First, my email was not about Ted Nelson, Doug Engelbart or what massively distributed media should be like. It was strictly about architectures that allow a much wider range of possibilities.

Ahh... but my argument is that the architecture of the current web is SIMPLER than earlier concepts but has proven more powerful (or at least more effective).


Second, can you see that your argument really doesn't hold? This is because it even more justifies oral speech rather than any kind of writing -- and for hundreds of thousands of years rather than a few thousand. The invention of writing was very recent and unusual. Most of the humans who have lived on the earth never learned it. Using your logic, humans should have stuck with oral modes and not bothered to go through all the work to learn to read and write.

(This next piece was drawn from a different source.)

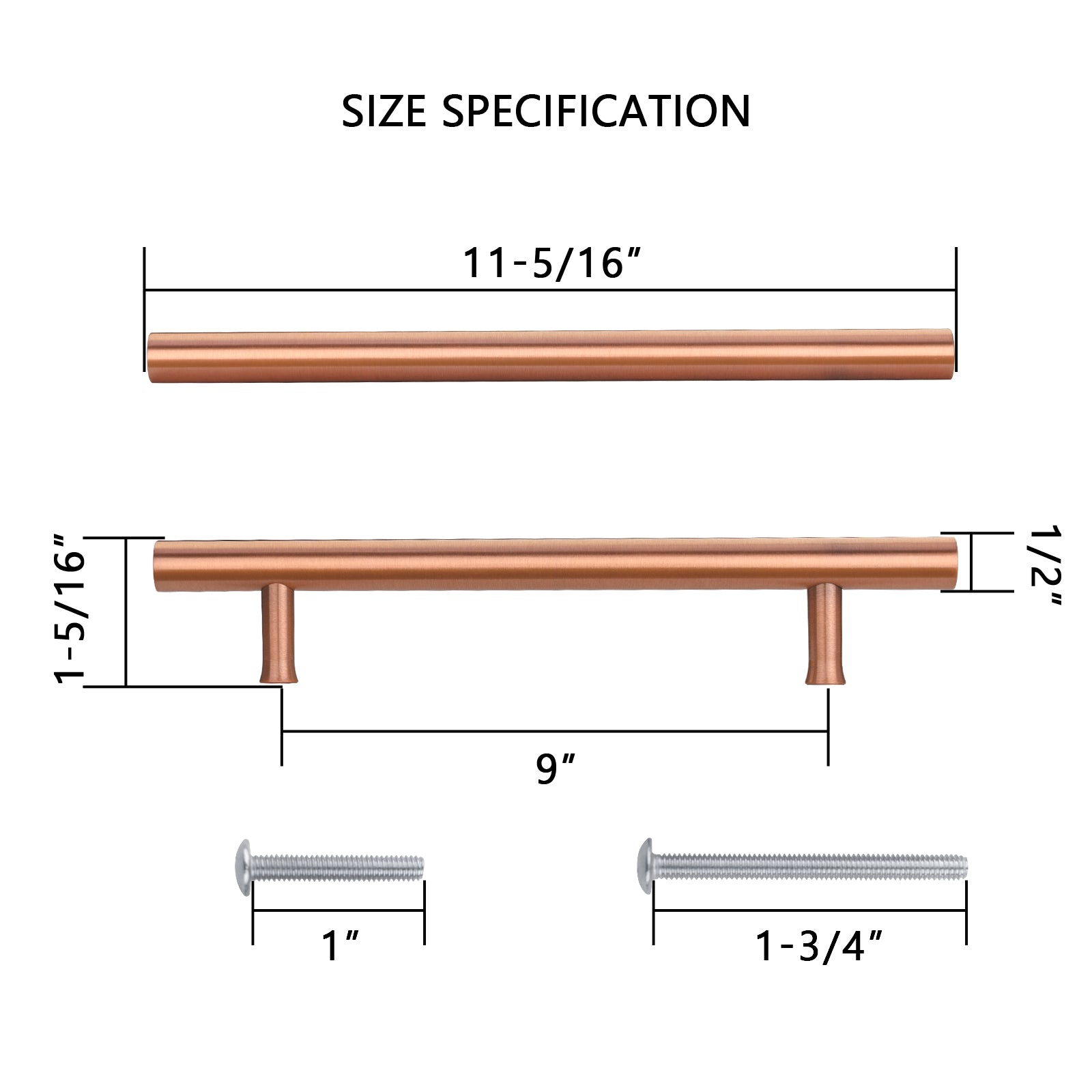 Akicon Copper Kitchen Cabinet Handles 100% Solid Brass Drawer Pulls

Actually, no. Oral communication begat oral communication at a distance - via radio, telephone, VoIP, etc. - all of which have pretty much plateaued in terms of functionality. Written communication is (was) something new and different, and the web is a technological extension of written communication. My hypothesis is that, as long as we're dealing with interfaces that look a lot like paper (i.e., screens), we may have plateaued as to what's effective in augmenting written communication with technology. Simple building blocks that we can mix and match in lots of ways.

Now... if we want to talk about new forms of communication (telepathy?), or new kinds of interfaces (3d immersion, neural interfaces that align with some of the kinds of parallel/visual thinking that we do internally), then we start to need to talk about qualitatively different kinds of technological augmentation.

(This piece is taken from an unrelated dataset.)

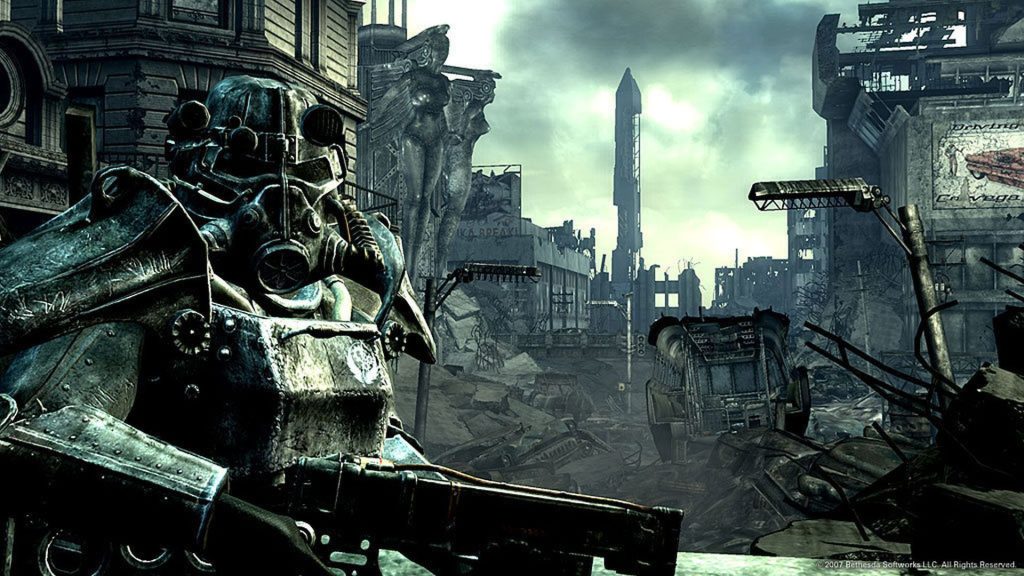 Fallout 3 screenshot of someone in power armor standing in front of a rundown version of the Washington Monument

Of course there is a counter-argument to be made that our kids engage in a new and different form of cognition - by dint of continual immersion in large numbers of parallel information streams. Then again, we seem to be talking lots of short messages (twitter, texting), and there does seem to be a lot of evidence that multi-tasking and information overload are counter-productive (do we really need society-wide ADHD?).


There is also more than a tinge of "false Darwin" in your argument. Evolutionary-like processes don't optimize, they just find fits to the environment and ecology that exists.

Umm.. that sounds a lot like optimizing to me. In any case, there's the question of what are we trying to optimize? That seems to be both an evolutionary question and one of emergent behaviors.
The real question here is not "what do humans want?" (consumerism finds this and supplies it to the general detriment of society), but "what do humans *need*?" (even if what we need takes a lot of learning to take on).

Now that's truly a false argument. "Consumerism," as we tend to view it, is driven by producers, advertising, and creation of false needs.


Cheers,

Miles

--
In theory, there is no difference between theory and practice.